Tyler H. Norris, James B. Duke Fellow & Ph.D. Student, Nicholas School of the Environment, Duke University, presented his research on large load flexibility, which seeks to characterize how energy-intensive data centers, factories and crypto mining facilities operate in real-world conditions.

    Tyler Norris presents research on large load flexibility.

While there is a perception that data centers are running at their peak capacity 24/7, the reality is that data center servers are not running anywhere near their utilization rate and data centers tend to oversize their capacity request to maximize their options, Norris said.

Norris contends that there is little understanding of the variance of a facility’s non-IT load. Therefore, data center load is likely not as high as the perceptions would indicate, but there is a lot of uncertainty surrounding it. “The data is obviously very limited, so it’s hard for people who think about power system planning to understand when you hear that we are expecting 1 gigawatt data center,” Norris said. “What does that mean when it comes to its actual peak expected to draw and its annual megawatt hour (MWh) consumption?”

He noted that in 90% of hours, 30% of the power system remains unused. While there is adequate energy available, there is limited capacity, making data center energy use at times of peak demand especially challenging. Norris contends that this highlights the importance of understanding what types of flexibility are available to data centers and other large loads, which include on-site power and storage, temporal flexibility (shifting operations to off-peak times), spatial flexibility (shifting load geographically to other servers), and options for reduced operations.

Norris noted that different types of data centers will have different degrees of flexibility; the less flexible a load is, the more burden it is during times of peak demand.
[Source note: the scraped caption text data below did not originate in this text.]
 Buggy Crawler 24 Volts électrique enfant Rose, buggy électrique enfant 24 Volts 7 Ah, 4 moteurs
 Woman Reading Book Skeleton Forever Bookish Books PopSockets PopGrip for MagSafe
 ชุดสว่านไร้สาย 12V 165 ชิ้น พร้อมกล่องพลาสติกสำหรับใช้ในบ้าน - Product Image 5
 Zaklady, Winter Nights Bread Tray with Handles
For example, an AI data center performing consumer inference -- like chatbots and search AI -- will have low flexibility, while an AI data center performing foundation model training should have a high degree of flexibility.
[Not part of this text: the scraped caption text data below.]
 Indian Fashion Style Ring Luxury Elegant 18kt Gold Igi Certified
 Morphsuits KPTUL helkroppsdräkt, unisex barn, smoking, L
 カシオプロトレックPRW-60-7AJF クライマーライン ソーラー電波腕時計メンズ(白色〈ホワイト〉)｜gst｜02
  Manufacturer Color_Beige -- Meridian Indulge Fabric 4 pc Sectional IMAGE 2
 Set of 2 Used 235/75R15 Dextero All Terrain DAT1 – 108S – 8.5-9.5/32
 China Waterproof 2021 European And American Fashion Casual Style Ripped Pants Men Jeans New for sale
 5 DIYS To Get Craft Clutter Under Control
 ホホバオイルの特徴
    Phil Denara of Key Capture Energy.

Phil Denara and Kris Fitzpatrick, of Key Capture Energy (KCE), which has energy storage sites in New York and Texas, offered an overview on conditions for battery storage investment in New York.

KCE storage sites in New York provide a range of services, from frequency regulation – which helps balance peak demand, avoiding costly buildout of new transmission infrastructure – to full-service capacity, energy and ancillary services.

While storage can enable reductions in greenhouse gas emissions, it is not technically a renewable or “clean” generator, as it relies on a generation source to charge the battery. 

    Kris Fitzpatrick of Key Capture Energy.

New York has policy signals that support the development of storage, including the Public Service Commission’s 2018 Storage Roadmap that has a target of 6 gigawatts (GW) by 2030 and NYSERDA’s program which provides financial support. 

NYSERDA offers an Indexed Storage Credit (ISC) mechanism to incentivize 3 GW of new capacity by providing a 15-year revenue hedge to participating projects, affording revenue certainty. 

KCE emphasized the importance of accurate capacity accreditation pricing mechanisms to help NYSERDA enter cost-effective contracts and to improve siting of storage systems where they are needed.